IRC channel logs

2024-12-12.log

back to list of logs

<Pellescours>I’m able to understand a bit more the problem, with rumpdisk, doing a cp of a big folder (with a lot of small files) (~900M
<Pellescours>maybe less), it hang
<youpi>that maps to the usual hang I've been seeing, happening while unpacking .debs
<youpi>having more memory, or telling ext2fs to sync more often, reduces the issue
<youpi>possibly it's just when memory becomes scarce that it misbehaves
<Pellescours>In my reproducible test, I see some rumpdisk threads having the exception with code KERN_INVALID_ADDRESS. I just reproduce the case in a normal built debian VM (32bit also) and I don’t see the exception but I see the freeze too
<Pellescours>Ah by running htop at the same time I see the cache memory (yellow) increasing and when it’s close to the top, it freeze
<solid_black>hi
<solid_black>I wonder, what is it that htop reports as cache memory
<solid_black>something from vm_statistics?
<solid_black>must be vm_cache_statistics->cache_count rather
<solid_black>which is vm_object_external_pages, which is something like the number of physical pages that represent external VM object's pages
<solid_black>so yes, if that fills up the whole bar, that's when pageout would start to happen
<solid_black>Pellescours: can you see exactly what the faulting thread is doing when it gets the exception?
<solid_black>let's just fix the pageout bugs, sounds like they've been plaguing us for too long
<solid_black>or perhaps you can tell me how to reproduce this?
<solid_black>is it just causing pageout in any way w/ rumpdisk?
<solid_black>hi ZhaoM!
<ZhaoM>solid_black: hi
<solid_black>I saw RTC got merged?
<solid_black>congrats
<solid_black>what are you going to hack on next?
<ZhaoM>Thanks
<ZhaoM>Now I'm browsing the TODO list on the website
<ZhaoM>even though there are still some minor things about RTC
<ZhaoM>like adding wiki and a proper RTC_UIE_ON implementation
<ZhaoM>And I found there are so many entries on the open issue page
<ZhaoM>Maybe it's worth to check if all of them are up-to-date
<solid_black>my impression was many of them aren't
<ZhaoM>Then I may spend some time on it before I find something I'm keen to hack on :)
<gfleury>Hi
<solid_black>hi gfleury
<gfleury>hi solid_black
<gfleury>ZhaoM: https://darnassus.sceen.net/~hurd-web/contributing/ start with this under TODO List
<solid_black>oh, getting rid of executable stacks would be very cool indeed
<gfleury>That the most pressing but Ask before because some are fixed
<solid_black>if you take up SA_NOCLDWAIT, please talk to me about how that interacts with my plans for new signals
<gfleury>solid_black: you want to reimplement signals
<solid_black>kind of, yes
<solid_black>the good news is the huge monster of signal handling code path in glibc stays the same
<solid_black>but there'd be new RPCs and new glibc APIs
<solid_black>it's related to the GDB vs msgport issue (see the email I sent on April 2nd two years ago), and to killing suid processes
<gfleury>Nice
<solid_black>I have way too many plans and way too little motivation :)
<solid_black>right now I'm motivated to investigate the pageout issues youpi and Pellescours have been facing
<solid_black>so let's do that please
<solid_black>I should also really get back to my little Alpine-based distro
<solid_black>'cause it's that time of year again
<solid_black>in completely unrelated news, my layout rework is finally starting to land in gtk
<gfleury>plz fix pageout issue to make the system stable.
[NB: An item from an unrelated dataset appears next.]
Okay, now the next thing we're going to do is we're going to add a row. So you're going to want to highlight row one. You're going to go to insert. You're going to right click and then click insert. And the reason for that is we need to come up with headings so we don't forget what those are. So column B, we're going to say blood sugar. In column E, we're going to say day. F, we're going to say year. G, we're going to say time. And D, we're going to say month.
I think you are in good position to do it
<ZhaoM>gfleury: OK
<gfleury>congrats for your gtk. Sometimes i Wonder how you do too much work complex like that
<solid_black>htop doesn't even list any processes here
<gfleury>same here
<solid_black>rustix expects c::sendmsg() to return isize, but it returns i32
<solid_black>it certainly is declared as returning ssize)t in glibc
<youpi>it's being solved
<youpi>already fixed in the rust-libc repo
<solid_black>ah
<youpi>the dep just needs to be updated now
<solid_black>ACTION looks
<solid_black>now I'm getting "the following trait bounds were not satisfied: `Poller: AsRawFd` which is required by `Arc<Poller>: AsRawFd`" in calloop
<solid_black>which is likely about it using poll vs epoll
<youpi>which version of rustix are you building?
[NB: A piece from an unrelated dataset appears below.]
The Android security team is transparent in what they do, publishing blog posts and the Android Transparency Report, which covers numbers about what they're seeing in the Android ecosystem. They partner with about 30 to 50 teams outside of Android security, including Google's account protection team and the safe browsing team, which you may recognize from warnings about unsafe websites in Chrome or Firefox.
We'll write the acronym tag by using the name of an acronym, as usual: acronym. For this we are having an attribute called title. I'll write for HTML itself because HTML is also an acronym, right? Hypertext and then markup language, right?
<youpi>0.38.37-1 builds fine in debian
<solid_black>I 'cargp update'd rustix
<solid_black>so rustix now builds
<solid_black>the new error is in calloop
<youpi>ok
<youpi>that possibly needs patching vs poll/epoll indeed
<youpi>the crazy tendency of the rust ecosystem to just put #cfg everywhere instead of just detecting the availability of interface hits again
<solid_black>yes, it has #[cfg(unix)] currently
<youpi>I know it's meant for being able to cross-compile, but that's not a good reason. You can detect the availability of most interfaces while cross-compiling too
<solid_black>I wonder whether it's possible to just add something like 'where Poller: AsRawFd', instead of more cfgs
<solid_black>from a quick check, that doesn't seem to work, the compiler sees that the condition doesn't depend on any of the impl's own generics
<Pellescours>solid_black: I was not able to determine it, but probably it's possible
<Pellescours>the exception is maybe because I have no swap on my test environment
<Pellescours>but basically get a directory of small files (around 1G of small files), I took locales that I dupplicated to have a big enough folder and just copy it to another folder
<Pellescours>if you have a gdb with a breakpoint set at exception() you should catch it
<Pellescours>basically: mkdir test; cp -r /usr/share/locales test/locales-1; cp -r /usr/share/locales test/locales-2; cp -r /usr/shares/locales test/locales-3; cp -r /usr/share/locales test/locales-4; cp -r /usr/share/locales test/locales-5
<Pellescours>and then after this preparatory work you just cp test test2 and see the freeze
<Pellescours>ZhaoM: while being in clocks, maybe implement the CLOCK_MONOTONIC in gnumach ? I don't know how hard it can be to implement and what benefit it brings (maybe not that worth for now)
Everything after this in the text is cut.